• [WORK TO BE COMPLETED]: Beginning with the line of the entries below that holds "Imagem de Anel" and ending with the line that holds "Luxe Wandklok Grijs", transcribe each line exactly as written. Pictures stay out.

• [MATERIAL FOR THE TASK]:
------------------------------------

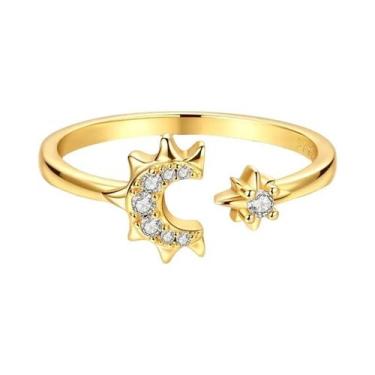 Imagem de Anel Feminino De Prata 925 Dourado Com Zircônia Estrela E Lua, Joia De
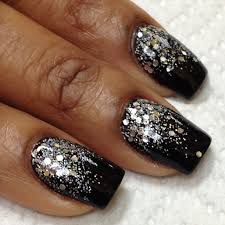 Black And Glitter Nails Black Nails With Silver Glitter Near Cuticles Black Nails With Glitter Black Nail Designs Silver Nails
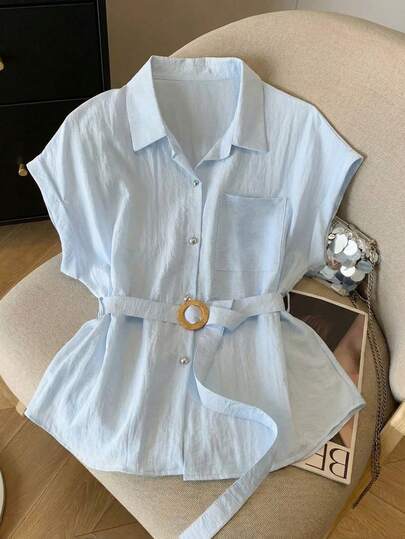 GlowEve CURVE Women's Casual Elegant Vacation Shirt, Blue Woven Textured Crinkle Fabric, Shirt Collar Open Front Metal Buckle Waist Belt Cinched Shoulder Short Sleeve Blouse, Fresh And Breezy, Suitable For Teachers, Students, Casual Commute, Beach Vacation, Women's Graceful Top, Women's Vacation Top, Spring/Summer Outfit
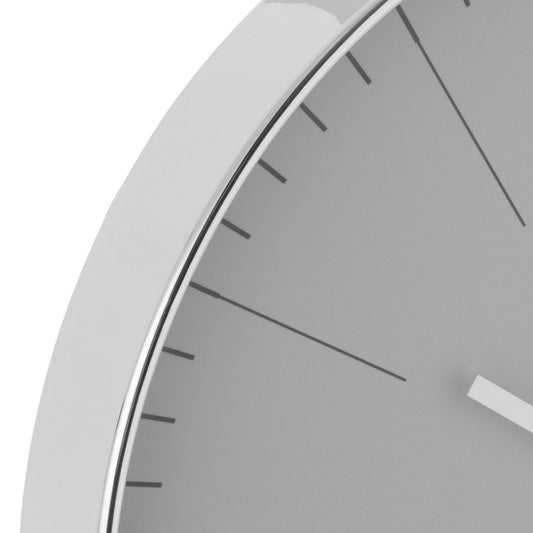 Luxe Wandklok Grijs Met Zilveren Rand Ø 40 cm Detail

------------------------------------

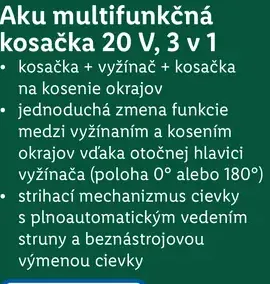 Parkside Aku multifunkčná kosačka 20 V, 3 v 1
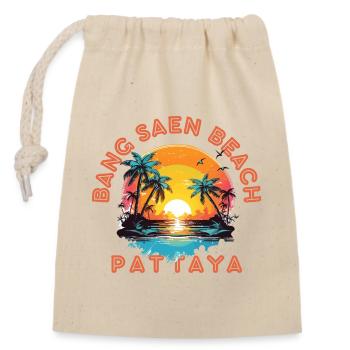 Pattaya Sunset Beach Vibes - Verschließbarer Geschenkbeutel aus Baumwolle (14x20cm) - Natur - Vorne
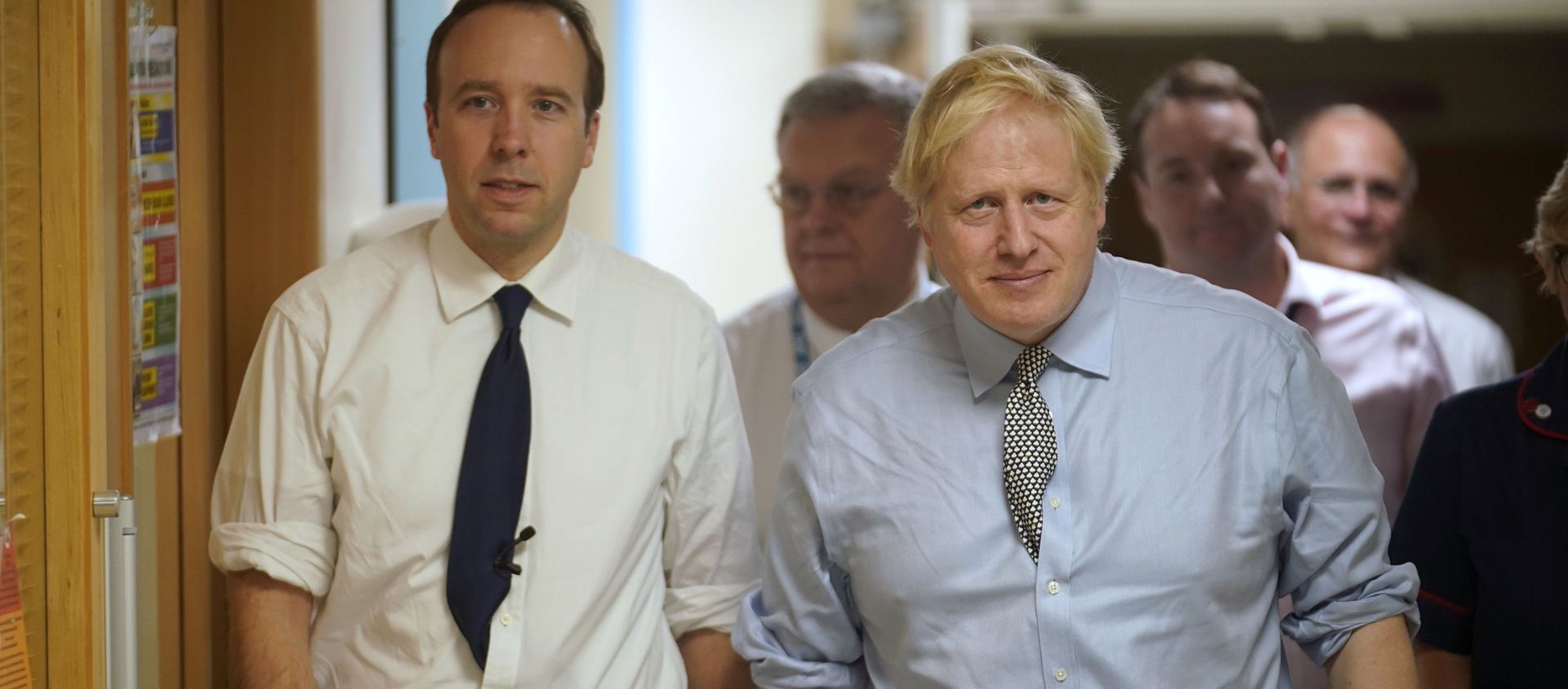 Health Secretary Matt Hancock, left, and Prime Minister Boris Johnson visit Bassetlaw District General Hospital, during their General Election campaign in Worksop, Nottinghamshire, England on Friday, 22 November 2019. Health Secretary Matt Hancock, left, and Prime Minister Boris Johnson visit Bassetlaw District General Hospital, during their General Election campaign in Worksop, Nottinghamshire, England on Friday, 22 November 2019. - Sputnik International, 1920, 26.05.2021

------------------------------------

• [ANSWER FOR THE TASK]:
 Imagem de Anel Feminino De Prata 925 Dourado Com Zircônia Estrela E Lua, Joia De
 Black And Glitter Nails Black Nails With Silver Glitter Near Cuticles Black Nails With Glitter Black Nail Designs Silver Nails
 GlowEve CURVE Women's Casual Elegant Vacation Shirt, Blue Woven Textured Crinkle Fabric, Shirt Collar Open Front Metal Buckle Waist Belt Cinched Shoulder Short Sleeve Blouse, Fresh And Breezy, Suitable For Teachers, Students, Casual Commute, Beach Vacation, Women's Graceful Top, Women's Vacation Top, Spring/Summer Outfit
 Luxe Wandklok Grijs Met Zilveren Rand Ø 40 cm Detail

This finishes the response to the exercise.